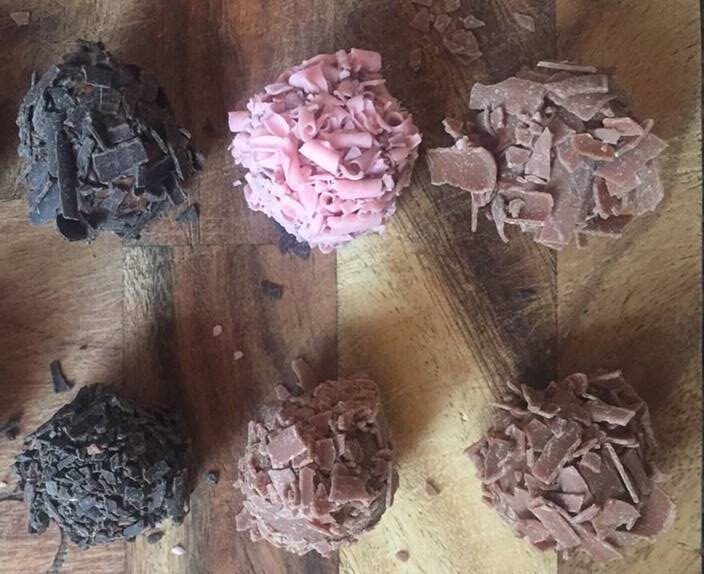 6 chocolates on a chopping board
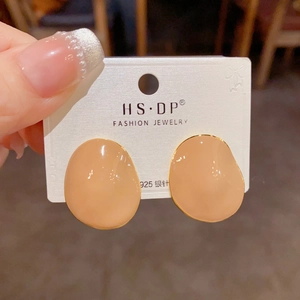 Detail of irregular cream enamel stud earrings with gold trim and 925 silver needles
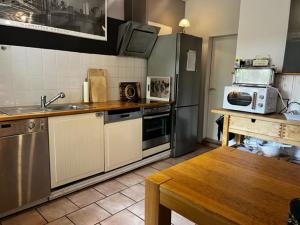 a kitchen with a stainless steel refrigerator and a sink at Landhaus am Deich in Cluvenhagen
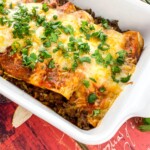 White baking pan of Beef Enchiladas.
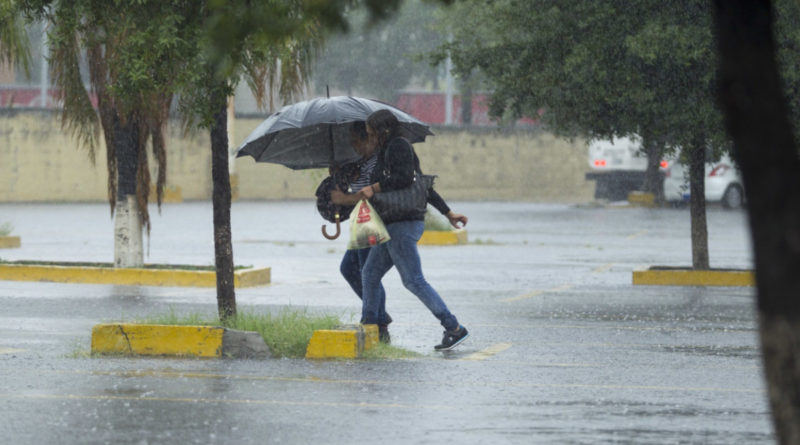 Dos personas bajo la lluvia cubriéndose con un paraguas
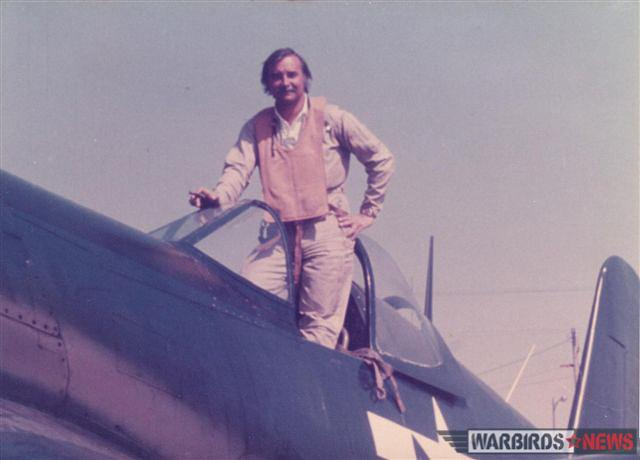 Tom Friedkin with his cigar standing in the cockpit of his Corsair on set. (photo by Dan Friedkin)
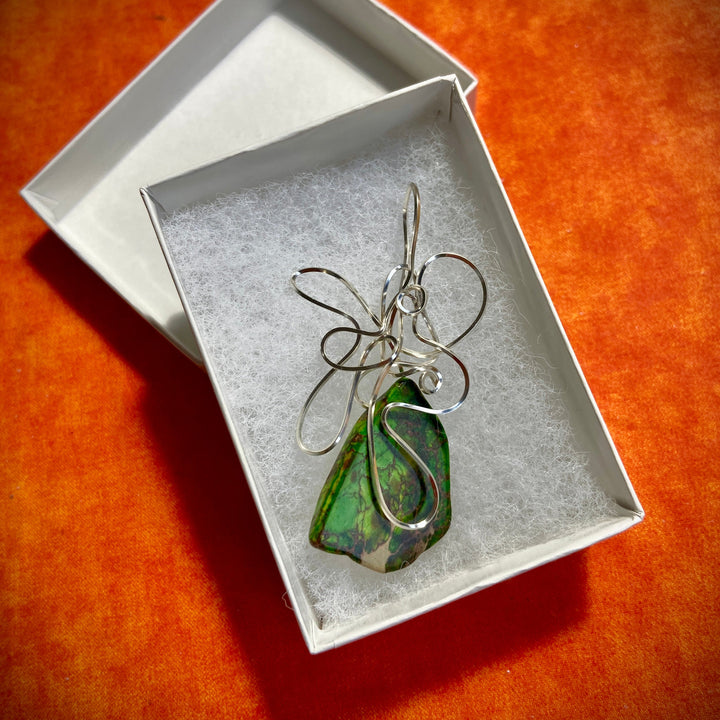Green Jasper stone pendant with silver wire wrapping in a white box on an orange background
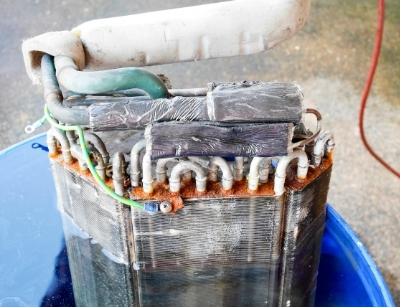 Corroded AC component with refrigerant lines, illustrating potential causes of refrigerant leaks and the importance of regular maintenance in HVAC systems.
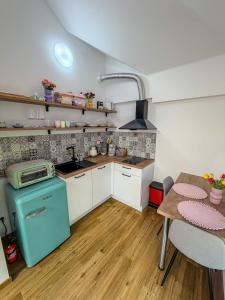 a small kitchen with a blue stove and a table at Barevný úlet - Písek in Písek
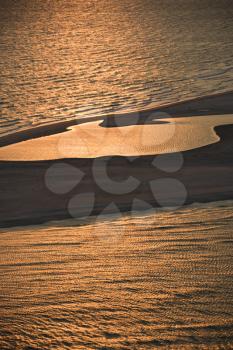 Royalty Free Photo of Sun Setting Atlantic Ocean and Shoreline of Bald Head Island, North Carolina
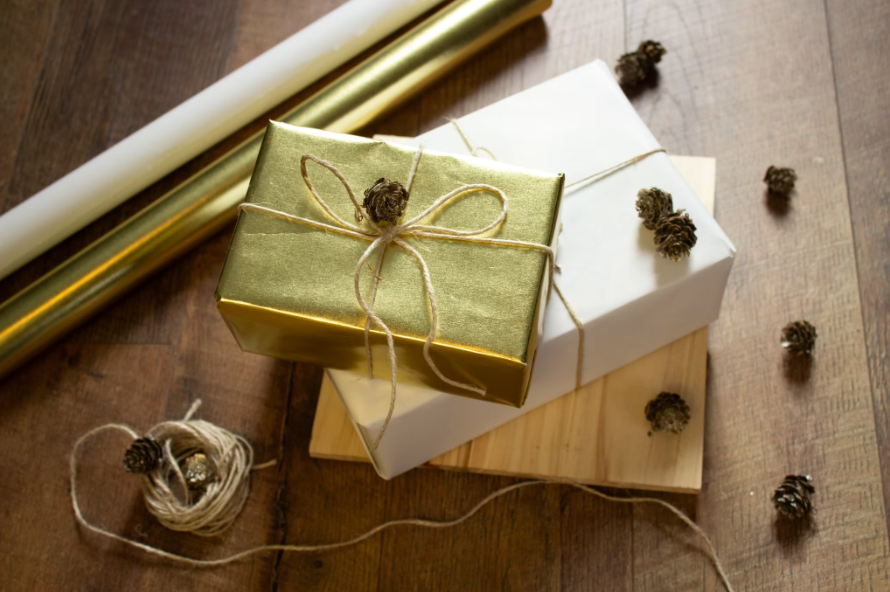 Wrapped gift boxes in gold and white paper tied with twine and decorated with small pine cones on a wooden surface.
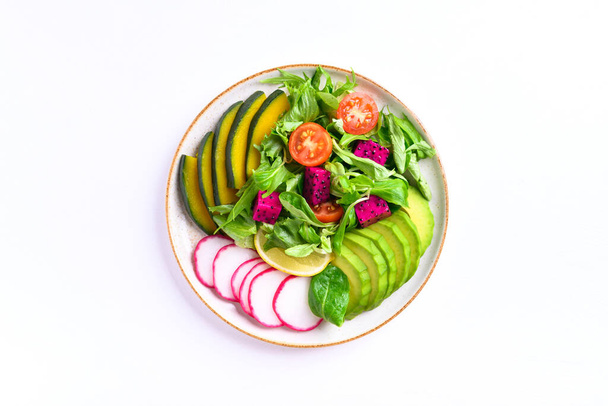 Vegaaninen salaatti hedelmiä ja vihanneksia lautasen avokado, lohikäärme hedelmiä, retiisi, kurpitsa, tomaatti, maissisalaatti, salaatti, mizuna ja sitruuna valkoisella pohjalla. Terveellinen ruoka - Valokuva, kuva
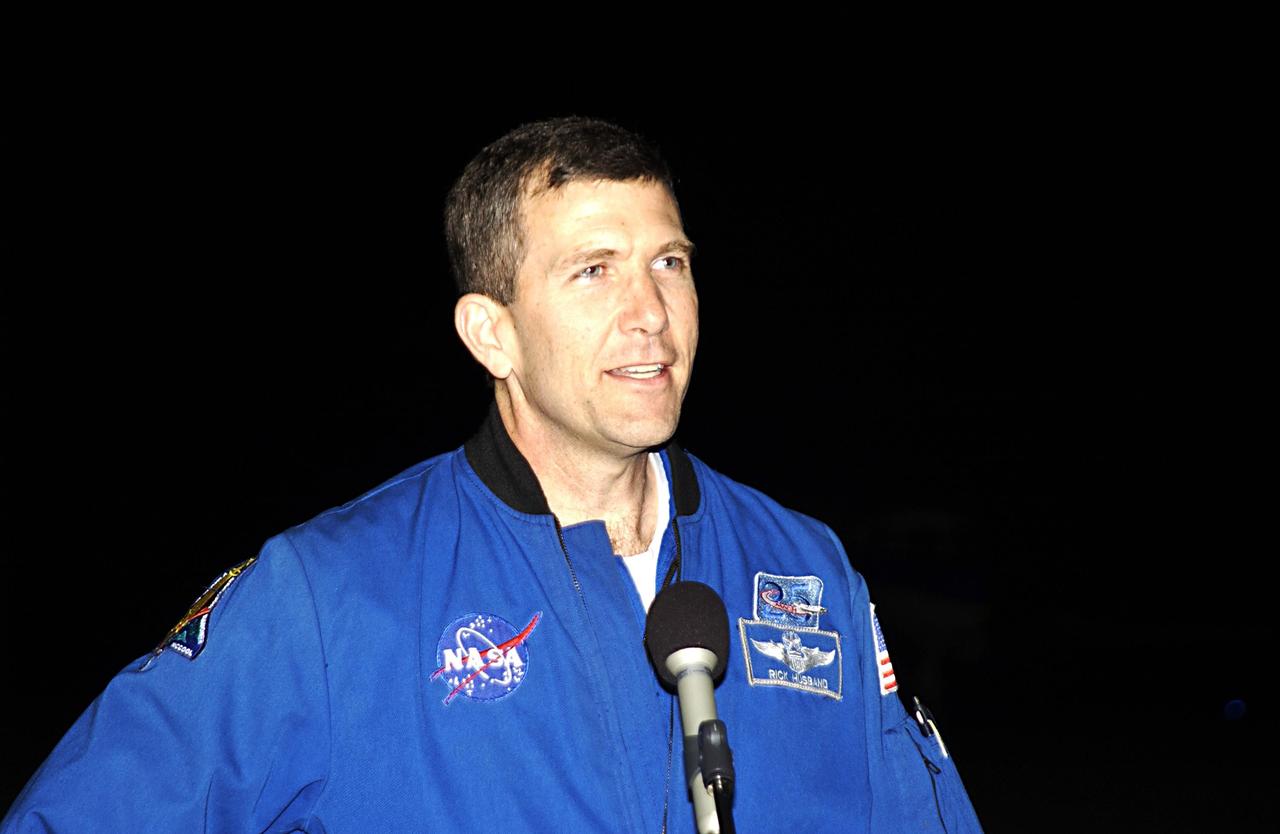 KENNEDY SPACE CENTER, FLA. --   STS-107 Commander Rick Husband makes a few comments after the crew's arrival at KSC for pre-launch preparations.  Other crew members are Pilot William "Willie" McCool, Payload Commander Michael Anderson, Payload Specialist Ilan Ramon, and Mission Specialists Kalpana Chawla, David Brown and Laurel Clark.  Ramon is the first Israeli astronaut to fly on a Shuttle mission.  STS-107 is a mission devoted to research and will include more than 80 experiments that will study Earth and space science, advanced technology development, and astronaut health and safety. The payload on Space Shuttle Columbia includes FREESTAR (Fast Reaction Experiments Enabling Science, Technology, Applications and Research) and the SHI Research Double Module (SHI/RDM), known as SPACEHAB.  Experiments on the module range from material sciences to life sciences. Launch of Columbia is targeted for Jan. 16 between 10 a.m. and 2 p.m.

..............................

* Goal of the exercise
Word for word, output the whole listing, but not its pictures.

* Task answer
 6 chocolates on a chopping board
 Detail of irregular cream enamel stud earrings with gold trim and 925 silver needles
 a kitchen with a stainless steel refrigerator and a sink at Landhaus am Deich in Cluvenhagen
 White baking pan of Beef Enchiladas.
 Dos personas bajo la lluvia cubriéndose con un paraguas
 Tom Friedkin with his cigar standing in the cockpit of his Corsair on set. (photo by Dan Friedkin)
Green Jasper stone pendant with silver wire wrapping in a white box on an orange background
 Corroded AC component with refrigerant lines, illustrating potential causes of refrigerant leaks and the importance of regular maintenance in HVAC systems.
 a small kitchen with a blue stove and a table at Barevný úlet - Písek in Písek
 Royalty Free Photo of Sun Setting Atlantic Ocean and Shoreline of Bald Head Island, North Carolina
 Wrapped gift boxes in gold and white paper tied with twine and decorated with small pine cones on a wooden surface.
 Vegaaninen salaatti hedelmiä ja vihanneksia lautasen avokado, lohikäärme hedelmiä, retiisi, kurpitsa, tomaatti, maissisalaatti, salaatti, mizuna ja sitruuna valkoisella pohjalla. Terveellinen ruoka - Valokuva, kuva
 KENNEDY SPACE CENTER, FLA. --   STS-107 Commander Rick Husband makes a few comments after the crew's arrival at KSC for pre-launch preparations.  Other crew members are Pilot William "Willie" McCool, Payload Commander Michael Anderson, Payload Specialist Ilan Ramon, and Mission Specialists Kalpana Chawla, David Brown and Laurel Clark.  Ramon is the first Israeli astronaut to fly on a Shuttle mission.  STS-107 is a mission devoted to research and will include more than 80 experiments that will study Earth and space science, advanced technology development, and astronaut health and safety. The payload on Space Shuttle Columbia includes FREESTAR (Fast Reaction Experiments Enabling Science, Technology, Applications and Research) and the SHI Research Double Module (SHI/RDM), known as SPACEHAB.  Experiments on the module range from material sciences to life sciences. Launch of Columbia is targeted for Jan. 16 between 10 a.m. and 2 p.m.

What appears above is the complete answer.